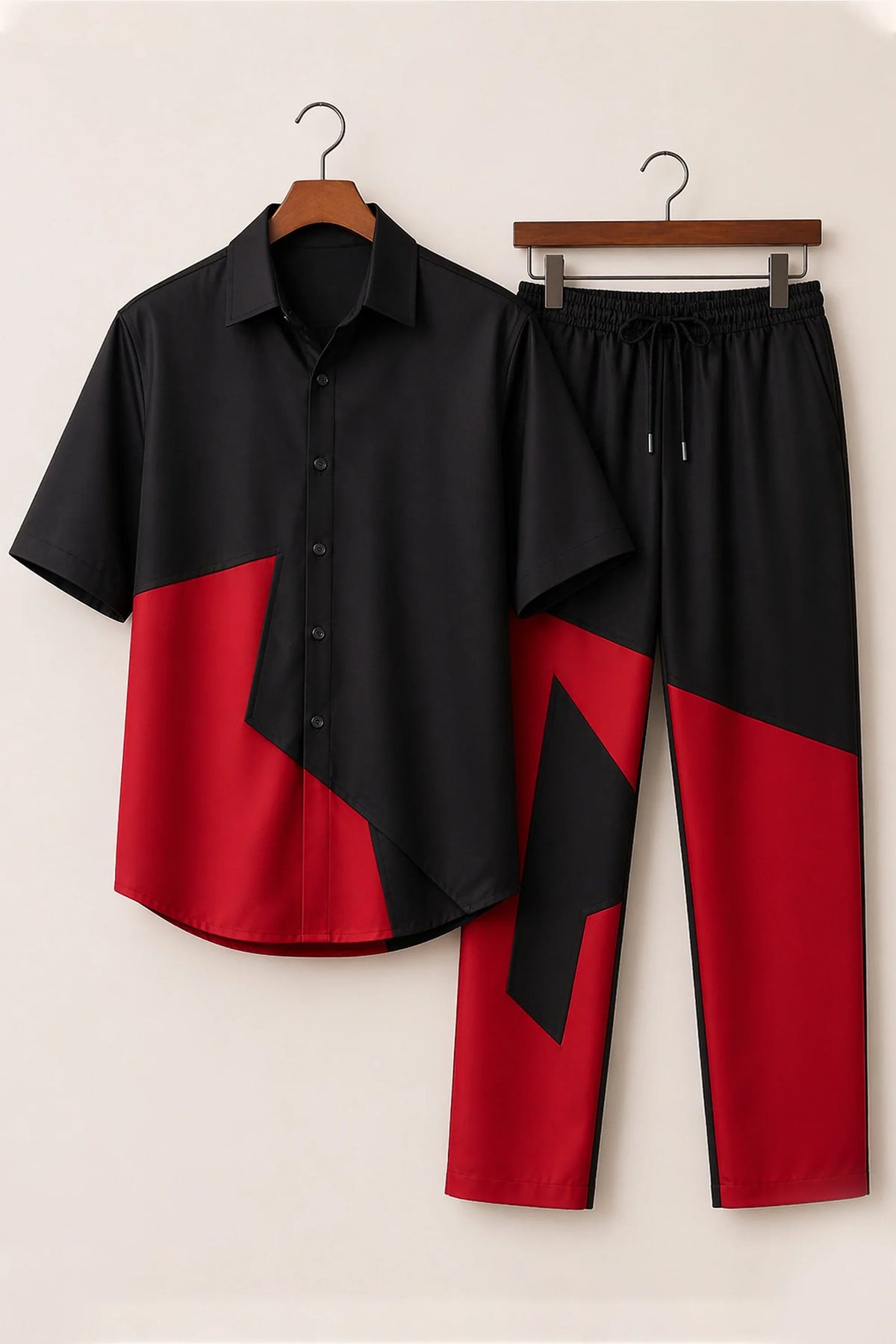 Black Red Patch Mens Full Pant Co-ords - XPCRDF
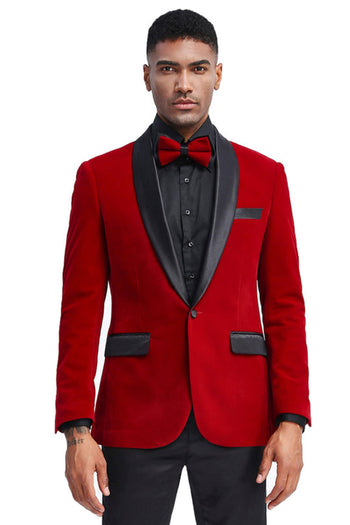 Groomsmen - Men’s Slim Fit Shawl Lapel Velvet Wedding & Prom Tuxedo Jacket in Red - Red / X-Small - Blazer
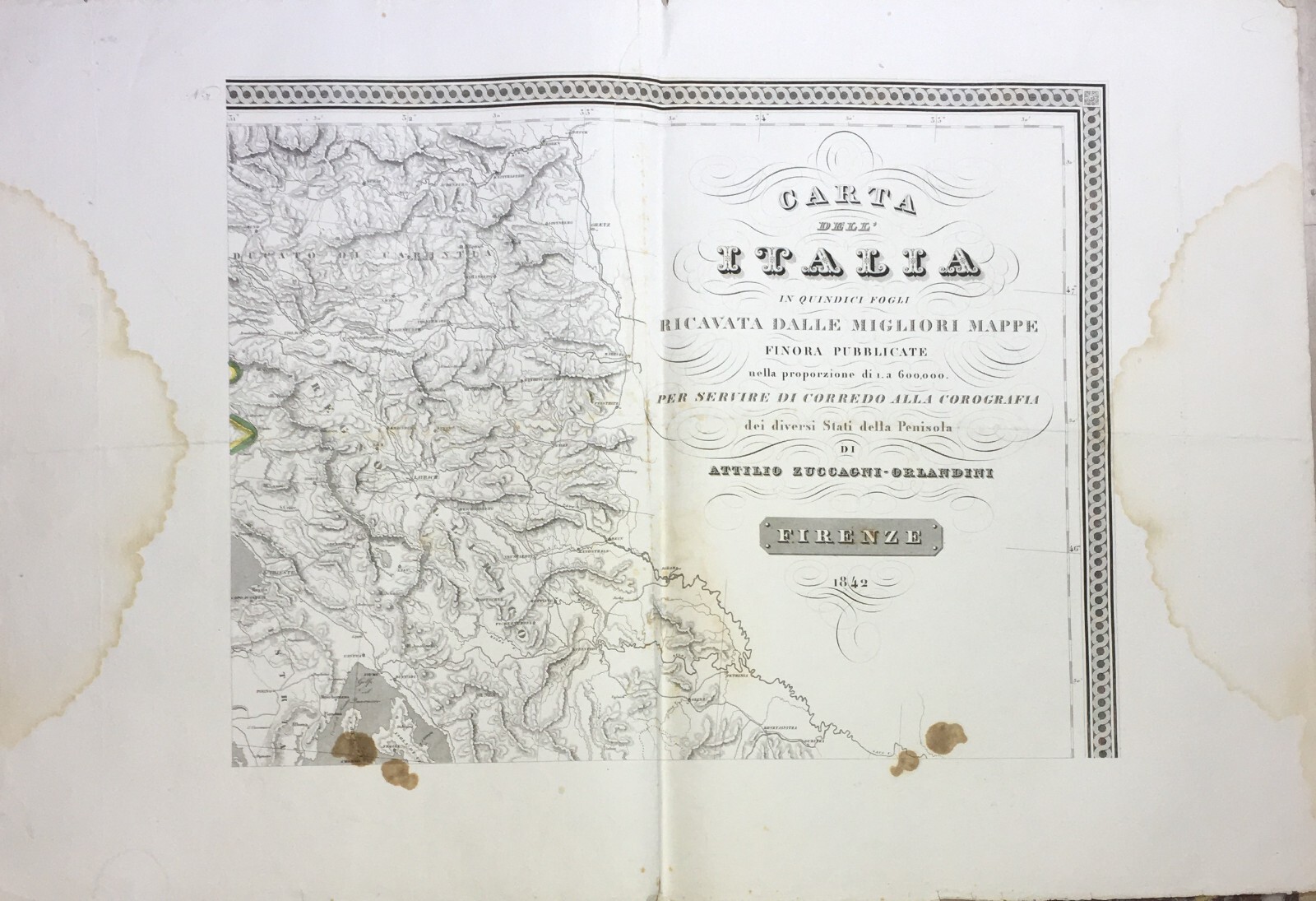 Antica Cartografia: Trieste, Capo d'Istria, Illiria, Carinzia Zuccagni Orlandini, 1842
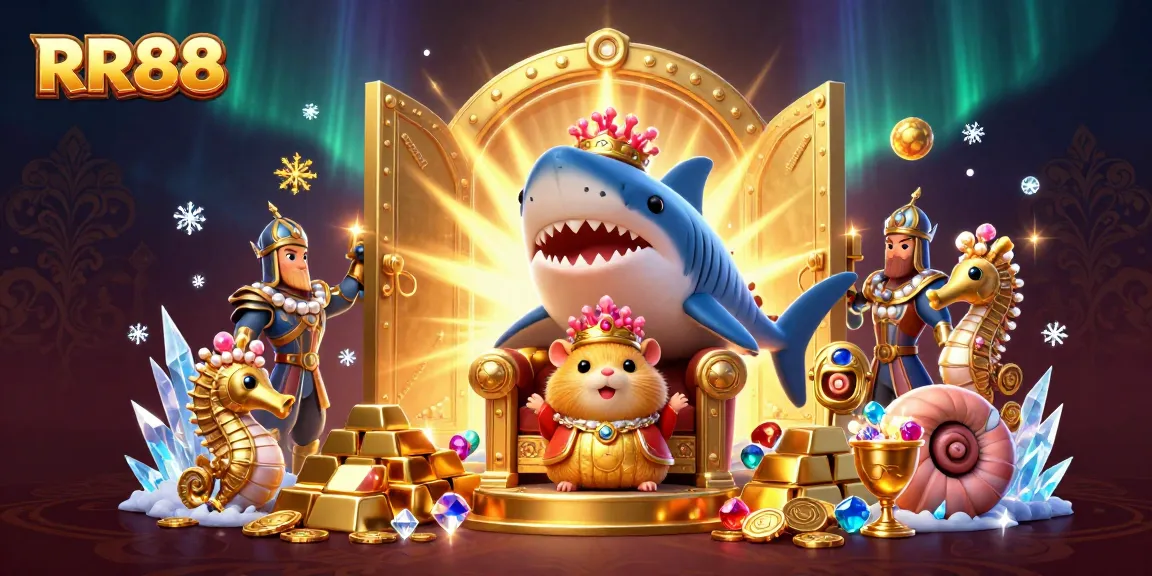 Experience thrilling gaming at RR88 with a golden hamster king and treasure-filled casino scene.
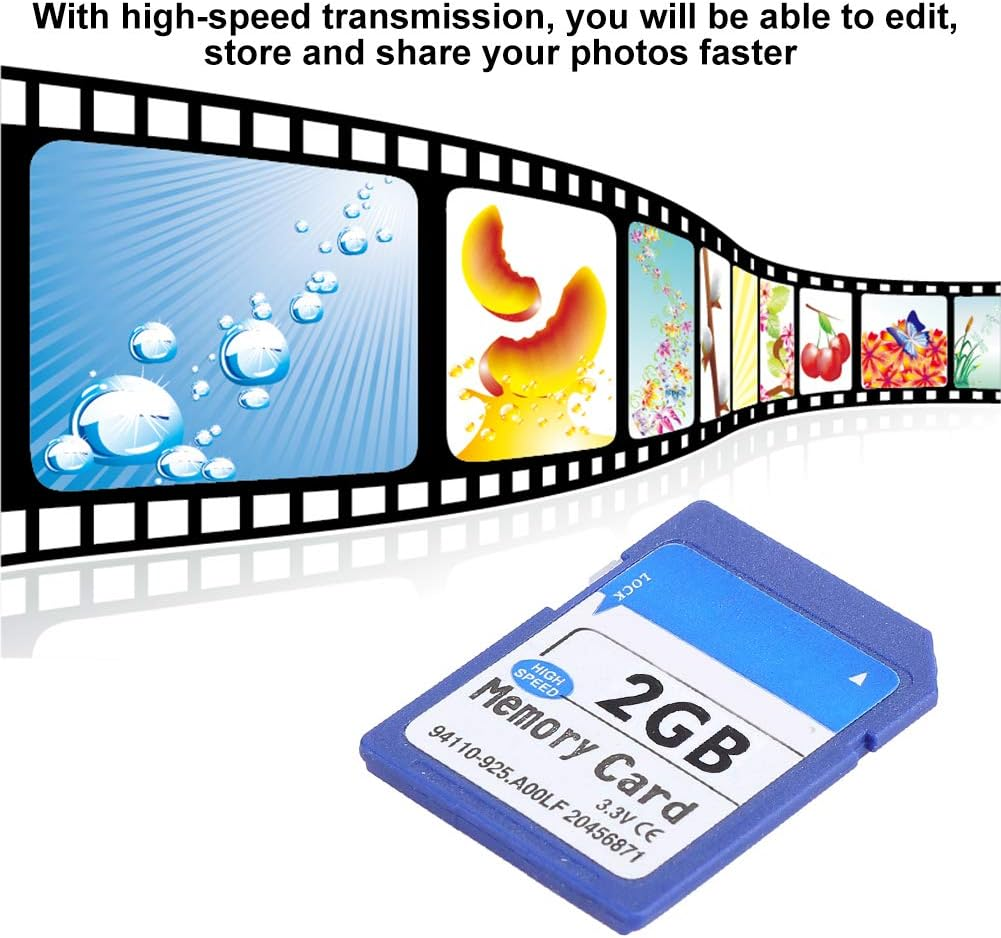 Memory Card for Elite Pro MP3 MP4 Camera SLR Game Machine, 80-100M/S Read Speed, 10-20M/S Write Speed, Store Photos Music Files, Suitable for Multiple Devices (2G)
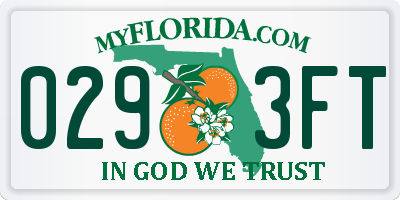 FL license plate 0293FT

Exercise: Copy exactly the lines that begin at the one containing "Groomsmen - Men’s" and end at the last line of the records, both included, omitting the pictures.

Response area:
 Groomsmen - Men’s Slim Fit Shawl Lapel Velvet Wedding & Prom Tuxedo Jacket in Red - Red / X-Small - Blazer
 Antica Cartografia: Trieste, Capo d'Istria, Illiria, Carinzia Zuccagni Orlandini, 1842
 Experience thrilling gaming at RR88 with a golden hamster king and treasure-filled casino scene.
 Memory Card for Elite Pro MP3 MP4 Camera SLR Game Machine, 80-100M/S Read Speed, 10-20M/S Write Speed, Store Photos Music Files, Suitable for Multiple Devices (2G)
 FL license plate 0293FT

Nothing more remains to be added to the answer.